Aquaculture for all

Concern Over Gulf of Mexico's Aquaculture Plan

Sustainability Technology & equipment Economics +5 more

MEXICO - Now federal regulators are poised to expand fish farming to open ocean, with the Gulf of Mexico as an experimental laboratory.

Cages would be huge and submersible, so hurricanes could blow over them without damage, reports St Petersburg Times.

According to the news organisation, niche commercial species like cobia, amberjack and redfish could reach widespread distribution, just like farm-raised tilapia exploded out of obscurity a few years ago.
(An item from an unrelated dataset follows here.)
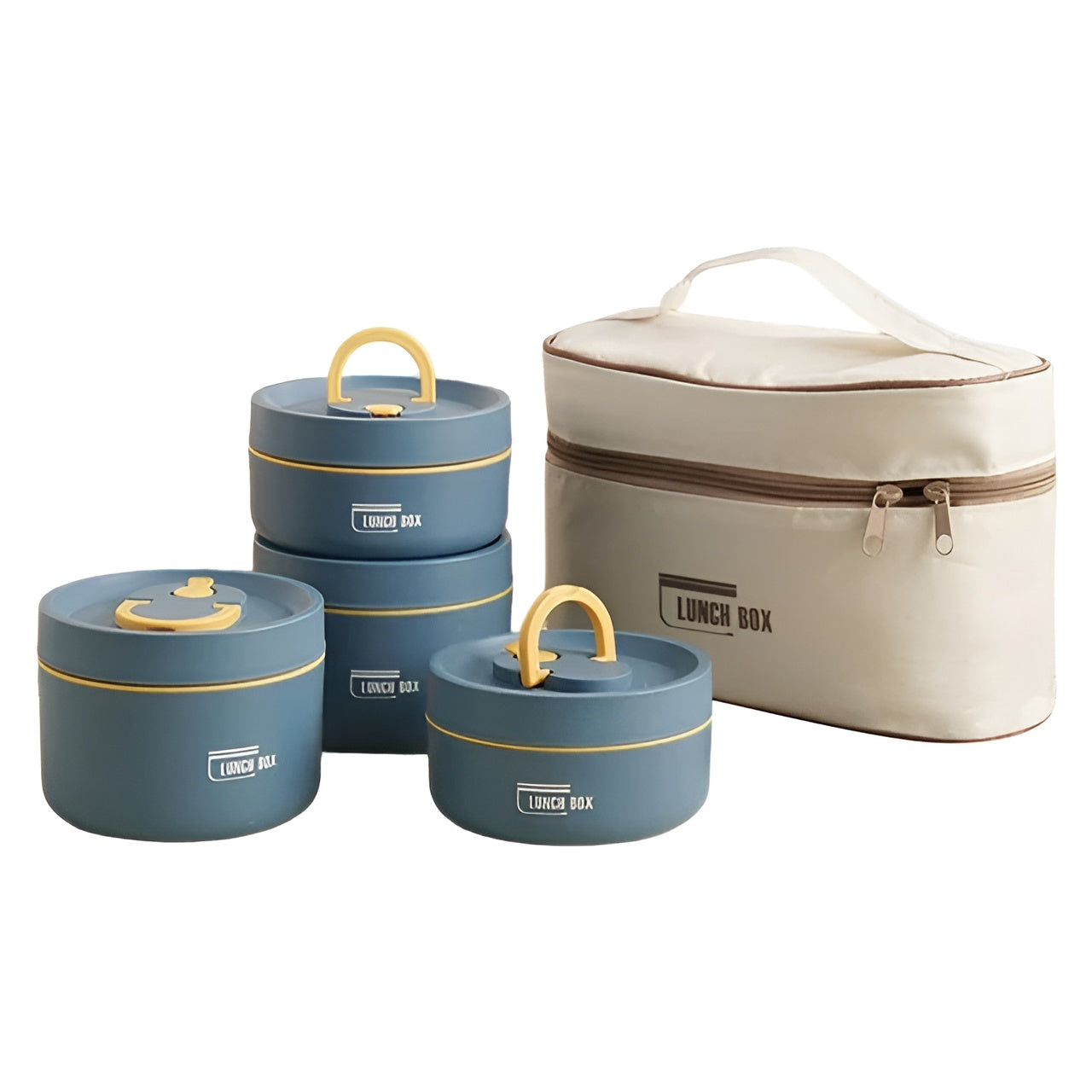 Isolierte Lunchbox – Mehrlagig Fächern & Auslaufsicher | Inkl. Tragetasche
But as is always the case with fish matters, the move has stirred controversy.

Some fishermen worry that industrial farms that could raise 1-million pounds a year will undercut prices for wild fish, whilst environmental groups point to pollution and disease problems that have plagued near-shore fish farms in the past.

A letter signed by 112 groups complains that gulf fishing managers are making an illegal end-run around Congress, which has yet to agree on national offshore standards.

"It's clear that aquaculture has to be a part of the long-term seafood supply solution," George Leonard, director of aquaculture for the Ocean Conservancy, told St Petersburg Times. "But it has to be done in an environmentally acceptable way that does not add to the burdens we are putting on our marine and coastal systems."